The new government crackdown is part of a wider fight against casual work practices, with delivery riders and drivers the first to have been targeted.
Real estate is now firmly in the inspectors’ sights, with Valencia leading the push.
Since 2022, agencies there have been subject to audits, fines, and forced regularisation of workers with penalties ranging from €3,750 to €12,000 per agent, plus up to four years of unpaid social security contributions.
Imported business model
Traditionally, agents were employees, but with the arrival of international firms – particularly in hotspots such as the Costa del Sol – the American model of commission-only freelancers took root.
This has led to confusion and, in some cases, outright abuse.
Spanish law is clear: for an agent to qualify as truly self-employed, they must work independently, set their own hours, provide their own tools, and bear their own business risks.
They cannot be managed, scheduled, or supplied with company equipment.
Yet inspections have revealed many agents sitting at company desks, working fixed hours, using office computers, and even following holiday rosters.
By contrast, genuine freelancers may represent multiple companies, control their own methods, and work without company oversight.
When dependency exists, the relationship is deemed employment – meaning agents are entitled to the protections of country laws.
That agreement allows for commission-based pay but guarantees a monthly minimum salary and ensures commercial staff receive at least 5% of net fees.
Industry at a crossroads
Agencies now face a stark choice: employ staff properly, or restructure contracts to meet the legal test for self-employment.
Some have resisted the change complaining about the added costs of social security deductions, while a handful of top-earning agents prefer uncapped commission structures.
But these high-flyers are rare.

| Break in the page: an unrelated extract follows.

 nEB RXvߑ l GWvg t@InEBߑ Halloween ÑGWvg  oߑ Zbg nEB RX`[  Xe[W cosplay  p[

For most agents, the current system creates churn. Agencies recruit large numbers during boom times, discard underperformers at no cost, and pocket the benefits.
Critics argue that formalising the sector would not just protect workers, but professionalise the industry.
Incredibly, Spain still has no national licensing requirement for estate agents.
In Catalunya, training and certification are compulsory, but in regions such as Andalucia, anyone with a business licence and a phone can set up shop.
The lack of standards – combined with commission-only pay and hefty freelancer contributions – creates a perfect storm. Agents are understandably tempted to cut corners or mislead clients to close sales.
Illegal practices, such as charging tenants finder’s fees despite government bans, remain widespread.
Fines for Engel & Volkers
Some firms, however, have taken a different path.
At my firm, Terra Meridiana, for example, our sales staff have been employed since 2003.
We believe in a level playing field where all competition follows the same rules and pays the same contributions.
Even industry bodies are beginning to shift. In spring 2024, the Federation of Real Estate Companies (FADEI) met with the National Anti-Fraud Office to discuss clearer guidelines and compliance.
The move signalled recognition that enforcement would not go away.
And for good reason. High-profile fines have made headlines.
In August this year, Engel & Volkers was hit with €6.4 million in penalties for misclassifying 569 agents in Valencia. And it has now been given another €16 million fine for doing the same for 400 agents in Barcelona.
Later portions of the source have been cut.